Nosework is the sport of teaching your dog to sniff out hidden odors. It’s similar to what drug dogs, search and rescue dogs, and conservation detection dogs do for their jobs.

Start out using a bunch of cardboard boxes or other containers – these become the visual cue for your dog that the hunt is on. Lay the boxes in a line and lead your dog down the line on a leash. Initially, every box should have a little stinky treat in it. I use pepperoni or lunch meat.

Put your dog in a different room while you set up the hunt.

After a few sessions, ⅔ of the boxes will have a treat in them. Then ½, then ¼, then just one or two boxes. Keep leading your dog down the line. Every time your dog finds a treat, feed him another one from your hand at the location of the hidden treat. This teaches your dog to pause and wait for extra rewards from you – an important step as you switch from finding treats to finding scent!
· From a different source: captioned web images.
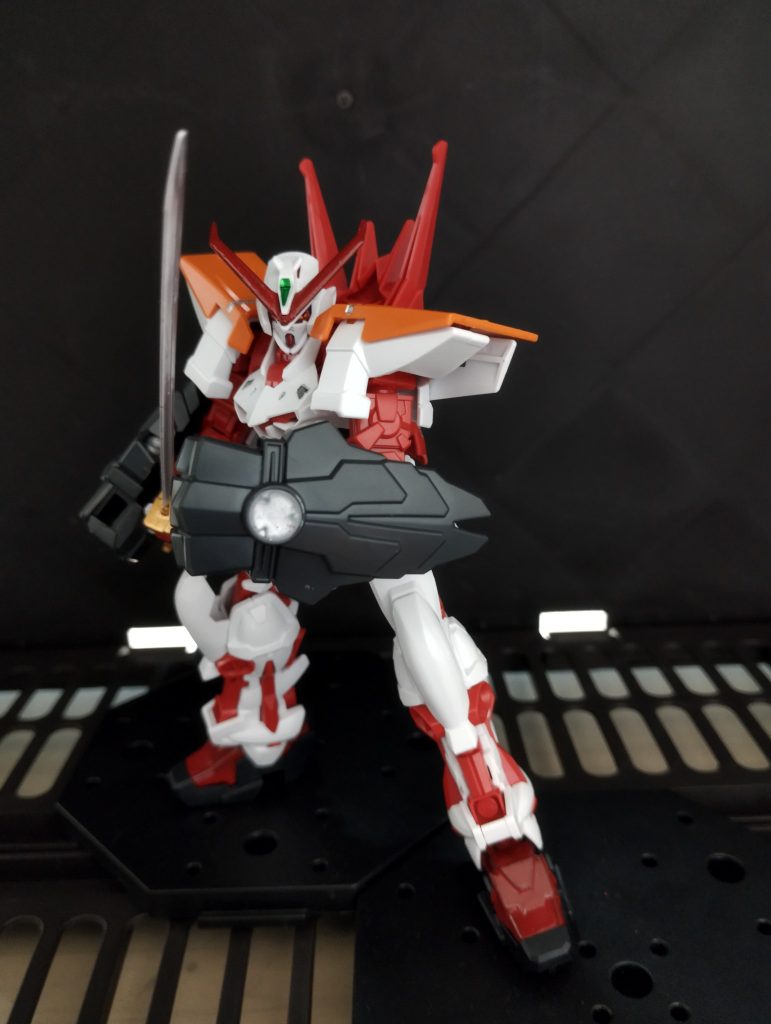 こっちのほうが盾っぽいｗポージングして撮ってみたら、この路線(Sengoku)はコレでアリな気がしてきました✨ｗ時間がある時にキチンと完成させてみようかな(gundam-kao6)ｗ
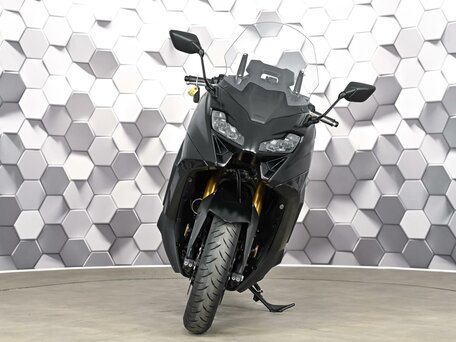 2023 Yamaha TMAX, чёрный, 1389000 рублей, вид 5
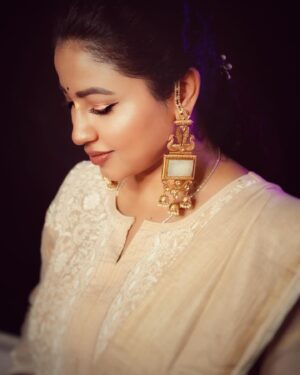 Pupul Bhuyan Instagram - Simplicity meets sophistication in Indian couture ✨🧿💕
Start switching up the arrangement of the boxes – a circle, a grid, scattered. Keep in mind that boxes in corners and near doors or air sources are extra-hard.
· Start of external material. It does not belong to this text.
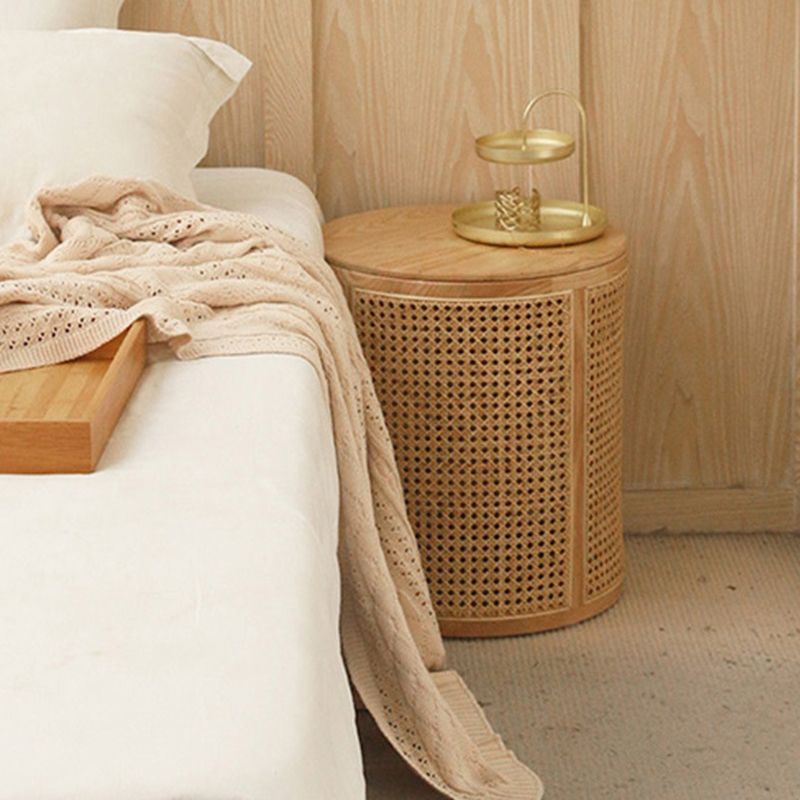 18.11" Tall Wood Round Top Side Table Drum Base End Table with Storage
As your dog gets better and better at finding the hidden treats, start putting the boxes under tables, on top of chairs, in corners, and near fans. Different rooms, different buildings, and multi-room searches are other challenges.

My dog Barley is trained to sniff out fox urine, birch oil, and peanuts.

If you’d like your dog to sniff out a non-food object, start out by pairing that object with the food. Put the target scent inside of a tin and put the food on top of it. Keep feeding the bonus treat – this is where it’s important!

Gradually, decrease the size of the food on top of the scent. Be sure to make things easier again as you introduce a new scent! So if your dog was doing well with corners before, skip them for now.

Eventually, your dog will be sniffing out the target scent without the help of food. Once the weather warms up, you can even work on training outdoors!


Training Games: School is Tiring, Too

As a trainer, I can’t suggest ways to exercise your dog in the winter without mentioning training! Many “tricks” are excellent ways to exercise your dog (like lifting weights instead of cardio). The mental challenge of teaching new tricks can also tire out your dog quickly!

To tire out your dog with training, I recommend trying a few of the following:

  • Teach your dog to sit inside a cardboard box by shaping successive approximations of the end behavior.
  • Do the “Bring Sally Up” push-up challenge with sit-to-down repetitions for your dog. For an added challenge, have your dog do this on the bed or an unstable surface. This is a major core workout for your dog.
  • Teach your dog to back up or do leg weaves. These exercises teach body awareness and limber up your dog’s back.
  • Teach your dog a complex behavior, such as putting his toys away or grabbing a toy by name.
  • Make an indoor obstacle course and teach your dog to jump over, go under, go through, and go around different objects.

Most dogs don’t care much exactly what you do. It’s not so much that the walk is the highlight of their day, it’s that they love spending time with you and doing something active. While walking and sniffing is important for your dog, you can switch to other bonding activities and most dogs will be just as happy!